Trwa ładowanie...
Zaloguj
Notowania
Przejdź na
Andrzej Zwoliński
|

Borowski: Cięcia wydatków nie są działaniem antykryzysowym

0
Podziel się:
Borowski: Cięcia wydatków nie są działaniem antykryzysowym

Money.pl: Jak Pan ocenia antykryzysowe pomysły rządu?

Marek Borowski, minister finansów w rządzie Waldemara Pawlaka, założyciel Socjaldemokracji Polskiej: Nie znam ich zbyt dokładnie to po pierwsze , po drugie z tego co dociera do mnie z mediów wiem o jakiś luźnych pomysłach, a to za mało. Istotne jest to, że wreszcie dotarło do rządu, że dzieje się coś złego i trzeba działać.

Szkoda, że rząd nie dopuszczał tego do wiadomości w trakcie debaty nad budżetem. Teraz przebąkuje o konieczności korekty założeń budżetowych, bo wreszcie przyznano w ministerstwie finansów, że wpływy są dużo niższe od zaplanowanych.

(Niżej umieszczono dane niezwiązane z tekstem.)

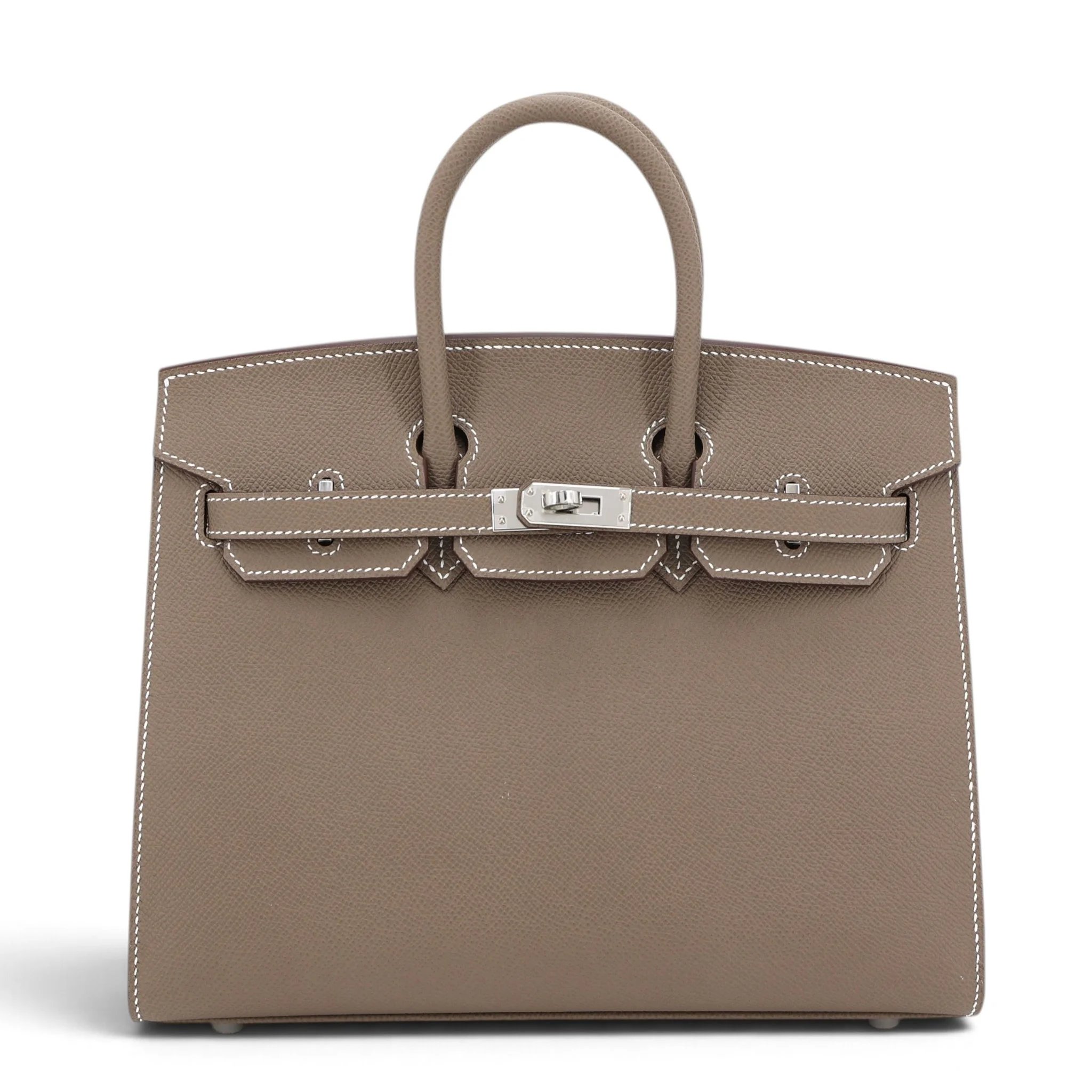 Unused ( Rank NS ) HERMÈS Birkin 25 sellier Etoupe (18) Epsom Palladium hardware W (2024)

Zgadza się, ale forma w jakiej to się robi jest niepoważna. To nie powinno być tak, że ministrowie się zbierają i ustalają, że budżet każdego ministerstwa obetną przykładowo po 2 - 3 procent. Poważnie wyglądałoby to tak, że rządząca koalicja organizuje debatę w Sejmie nad tym z jakich projektów zrezygnować bo brakuje pieniędzy, a jakie trzeba zachować. Rząd nie chce jednak takiej debaty i ogłasza jakieś niespójne pomysły, które nazywa pakietem antykryzysowym.

Premier Tusk podkreślił jednak, że wydatki proinwestycyjne zostaną zachowane

No dobrze, ale jest mnóstwo zaplanowanych wydatków niezbędnych, które nie można w ten prosty sposób zaklasyfikować. Bo co na przykład z kwotą kilkuset milionów złotych przeznaczonych na wprowadzenie sześciolatków do szkół? Co z pieniędzmi na MON, przeznaczonymi na przekształcenie armii w zawodową ?

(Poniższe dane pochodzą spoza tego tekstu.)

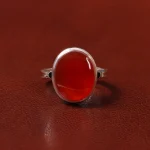 انگشتر عقیق مردانه کد 31036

Ministrowie tych resortów twierdzą, że to środki, które nie zostaną ruszone

A co innego mogą mówić. Poza tym cięcia wydatków nie nazwałbym działaniem antykryzysowym. Cięcie wydatków w takiej sytuacji będzie tylko pogłębiało recesję. Trzeba niestety pogodzić się z wyższym deficytem, finansować go godząc się na większe zadłużenie. Inne kraje zwiększają deficyt, pompują olbrzymie sumy pieniędzy w gospodarkę, system finansowy. Słyszymy o gigantycznych kwotach przeznaczanych przez Amerykanów na ratowanie gospodarki, słyszymy o takich dziesiątkach miliardów euro w Niemczech. Jestem przeciwny propozycjom PiS zwiększania o nawet 7 miliardów deficytu, bo tak na prawdę nie wiemy jaki będzie rzeczywisty deficyt, ale przeciwny jestem cięciu wydatków.

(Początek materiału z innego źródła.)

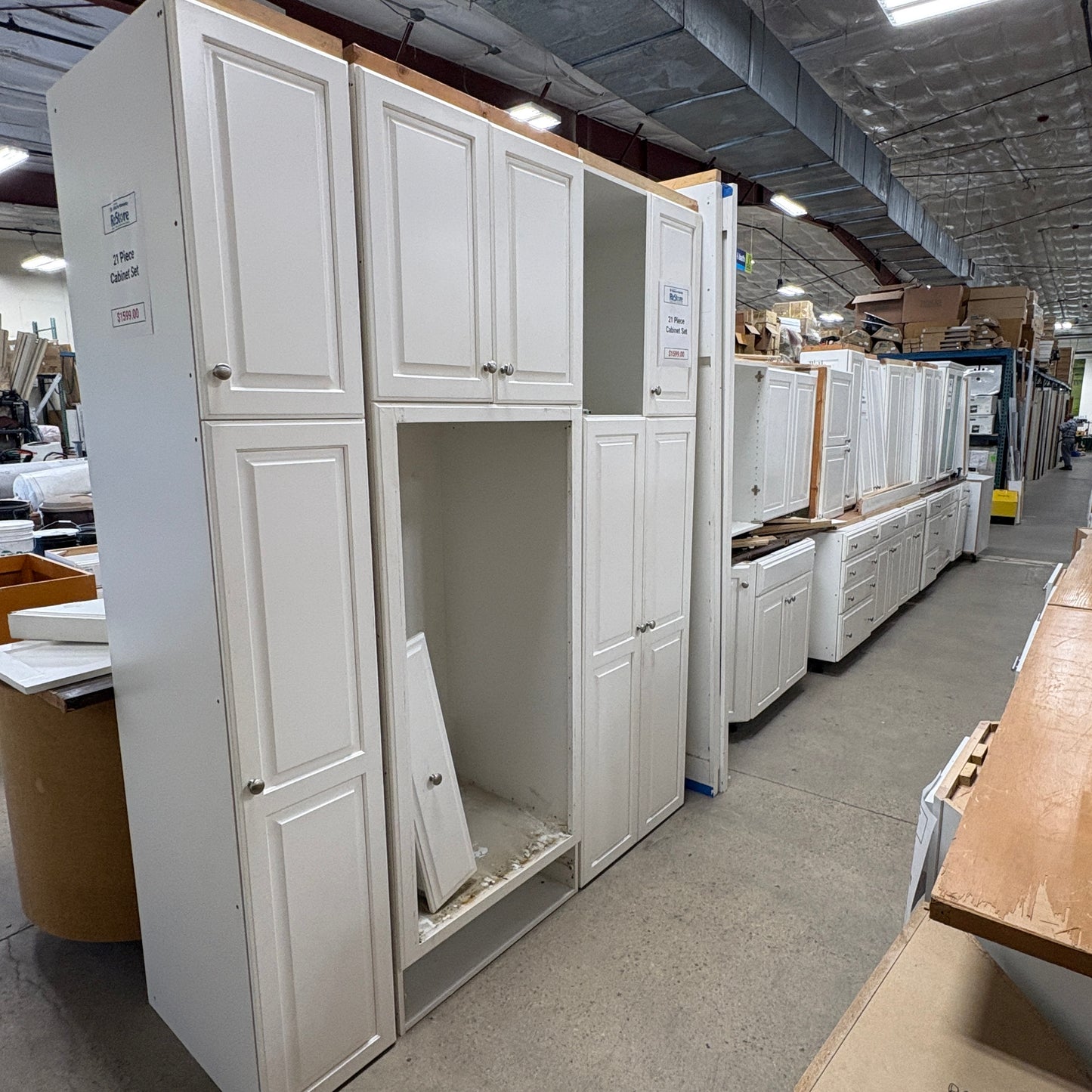 21-Piece White Cabinet Set FALSE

*Jak w takim razie przy obniżonych dochodach zachować zaplanowany poziom wydatków? *

W takiej sytuacji trzeba przyjść do Sejmu i przyznać, że się skonstruowało kiepski budżet. Trzeba zaproponować niższe dochody, co za tym niższe wydatki, wypracować to w trakcie debaty, a nie na kolanie ciąć koszty na szybko, wymyślać jakieś pakiety.

Dobre jest to, że premier Tusk pojechał na szczyt do Davos i będzie tam przekonywał do inwestowania w Polsce. W tej sytuacji to niezbędne. Już teraz notujemy osłabienie zainteresowania inwestorów naszym krajem, a to może skutkować dalszym osłabieniem złotego. Dlatego dobrze, że premier tam jedzie i będzie mówił wszystkim dookoła, że Polska wyróżnia się na tle innych krajów regionu.

PiS zaprezentował swój pakiet antykryzysowy, nie słyszy się propozycjach ze strony Lewicy.

Propozycje PiS uważam za nietrafione i mało istotne. Sztandarowy pomysł obniżenia VAT na żywność z 7 do 6 proc. jeśli to ma _ nakręcić _ gospodarkę, to szkoda zachodu. Sami autorzy wyceniają dodatkowy popyt na 1,5 mld zł, a więc kwotę z tego punktu widzenia śladową. A jeśli ma to być osłona socjalna, to znowu mamy ten sam problem: częściowo zły adres i za duży rozrzut.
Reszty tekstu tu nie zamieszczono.